7) Our class is implemented in nlp.py file, so the default import statement should be from nlpsummarize import nlp as mentioned in the README.md. Without any alias, our class is implemented in nlp not nlpsummarize file.

8) Done!!

9) We have two main files, one of which is the implementation of our class, while the other handles the dependency issues. The dependency issues may raise if a user doesn't have pre-trained models downloaded. The functions there automatically handle that case and download the weights of deep learning models that we use and store in mentioned locations.

The problem with dependency file is that we are not able (or at least may be very difficult) to recreate the situation when a user has or doesn't have the files downloaded. If you take a look into the Codeconv report, you can see that our main nlp.py file has code coverage more than 92%, while dependency file has code coverage around 50% because of the issues described above. We can remove that file and write all instructions in the README.md file for post-installation guides, but it will make our users unhappy, because nobody wants to do some additional work. This is the reason that at the end we have overall code coverage 87%.

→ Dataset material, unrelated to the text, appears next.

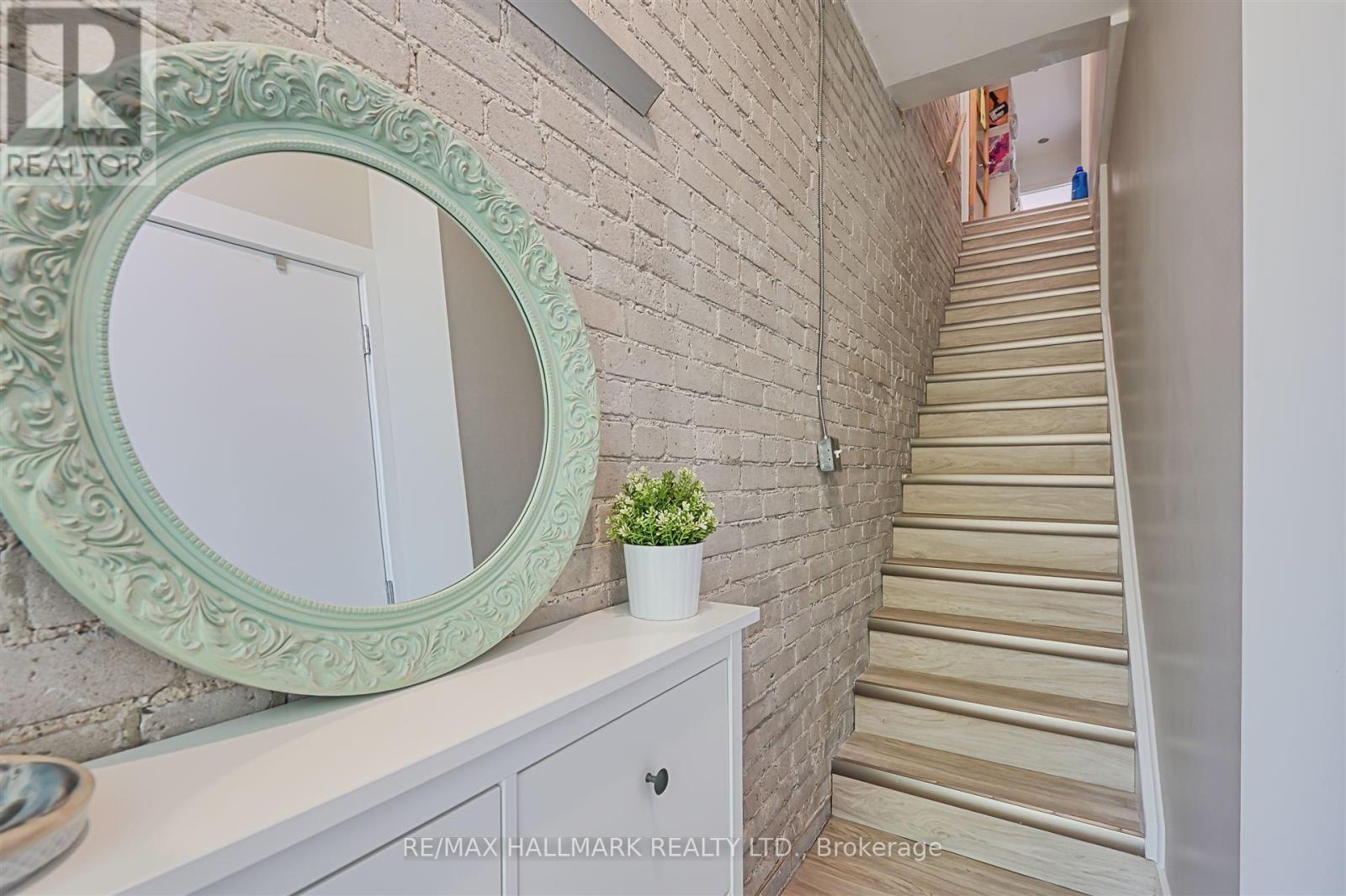 Photo 2 of 1926 Gerrard Street E, Toronto ON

Moreover, in the nlp.py file, we also cannot increase our coverage more, because uncovered lines (given from the report of Codecov) are ones that depend on dependency.py file's functions. Therefore, we can increase this code coverage only in the case when we delete that file, which is not the decision that we want to make.

Not addressed:

6) In this case, you explicitly say that the column with text is 'text_column', which is not true. The error message could have been better and generated by us, but we rely on the message generated by underlying function. It is not always a good choice, but sometimes because of some reasons, we can't handle all cases that user may enter and address them. Sometimes, functions should rely on explicit values given by users. For example, when a user uses pd.read_csv(.) file where columns are separated by ';' and not ',', the function just reads the file with the default symbol, i.e. ','. Additionaly information given by a user explicitly, we think should be correct, otherwise user may expect that something will go wrong.

@vermashivam679 thanks you as well for very informative feedback.

Hope this will clarify every issues seen by you!